# Body Swap



## Jeffrey Thomas (Mar 3, 2001)

I have a 78 k10 that needs a new body.Iwould like to put a 88-93 body on my frame.I was wandering if anyone has done or seen this swap done and what all it would consist of. Any help would be appreciated.


----------



## plowking35 (Dec 21, 1999)

Since I have never done this swap, I will talk in generics.
The body and radiator mounts will have to moved on the 78 frame to match up with the new body.
Steering and tranny linkages will have to be made. Brake lines made to attach to master cyl.
You will have a host of computer controlled electronics that wound be used withe the older drivetrain, so those will have to be identified, and then rewired accordingly.
I ma sure there will be a ton of minor odds and ends that will have to be addressed.
Anything can be done with motivation money and time.
Dino


----------



## Bill c (Jan 30, 2000)

I gotta agree with dino,sounds like to much work I would just swap another pre 88 body on it.


----------



## MTCK (Feb 13, 2000)

You can do anything if you throw enough time/money at it, but speaking from experience, I've swapped bodies on two very similar trucks, and it was a LOT of work. The frames are different on the two trucks you want to combine, and some serious fabrication and electrical work would be required. I'd opt for a 73 to 87 body. I'm sure it could be done, it would just be a huge project. Good luck.


----------



## Chuck Smith (Dec 30, 1999)

Dino is right. Consider this as well..... 
For what it would cost, a new body swap would run you about the same. The labor involved in restoration of your body, if done from start to finish by you, would be less than swapping the body, plus the cost of the "donor" truck. 
Fenders and Doors, inner fenders, rocker panels, cab corners, floor supports, radiator supports, battery trays, grilles, headlight bezels, marker lights, tailgates, etc. can all be purchased.
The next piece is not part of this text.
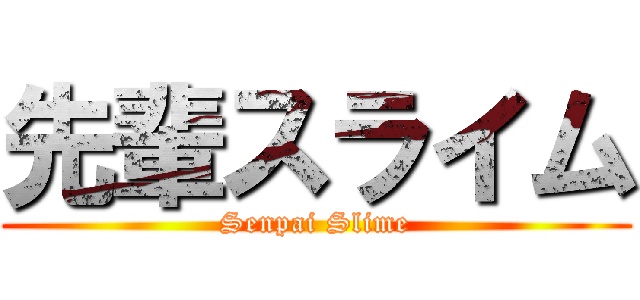 先輩スライム (Senpai Slime)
The more of these parts you can install yourself, the cheaper it would be to restore your 78.

I mean Fenders from JC Whitney run $59 each. (GM fenders run $500 each) inner fenders $39 each. Doors, $116 each. Rocker panels, less that $20, floors and cab corners, less than $20 each.
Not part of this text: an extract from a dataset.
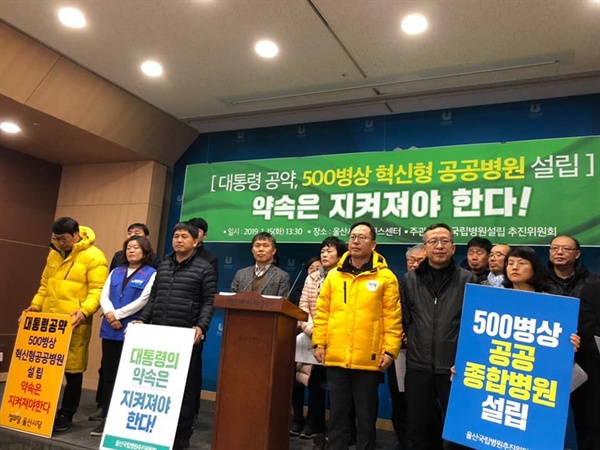 울산 시민사회가 15일 오후 1시 30분 울산시청 프레스센터에서 기자회견을 열고 "문재인 대통령의 공약인 500병상 혁신형 공공병원 설립"을 촉구하고 있다.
IF you want a truck that won't rust, you can go the fiberglass route. They sell cabs, hoods, doors, fenders, inner fenders, all made of fiberglass now. They are expensive, but no more expensive than swapping a late model body on to your 78 Chassis. You'll never have to replace body parts again due to rust!
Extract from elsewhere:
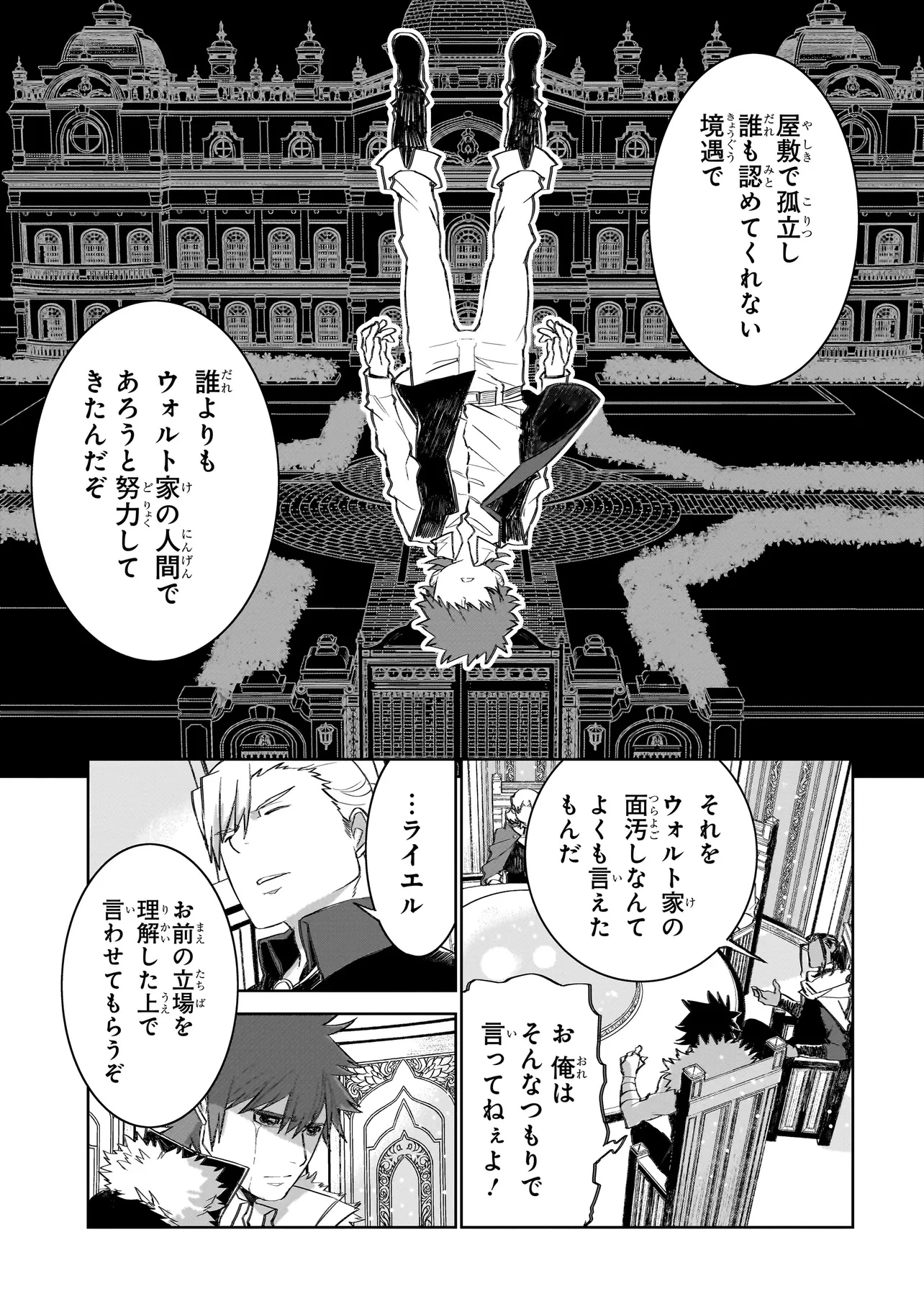 セブンス 第11話 - 13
Also keep in mind a newer body swap would require all emissions devices to be on the motor of the 78. YOu would need the distributor from the donor truck, or from another V8 engine with an on board computer. The ABS would have to be addressed, or not used since the brake proportioning valves are different on each vehicle.
When I personally need body parts, I look locally for 2wd trucks, with blown motors or transmissions. The 2wd's tend to be in better shape than 4wd's in this area. I got a bed off an 87, that had a cap on it, and was in nearly mint condition. All the 2wd body parts from 73 - 87 will fit your 78. The nose is the only tricky part. YOu can mount from 73 - 91 Blazer and Suburban noses on the 78 chassis, but you need the whole nose. Hood, fenders, radiator support, inner fenders, and hood cowl. For more info on what parts from what years interchange, go here.

http://www.chuckschevytruckpages.com/bodyparts.html

~Chuck


----------



## Jeffrey Thomas (Mar 3, 2001)

I would just like to say thank you for all the info! After reading all of your replies I belive I'll stick to the older body style since it's so much work. Besides I've got all these spare parts.


----------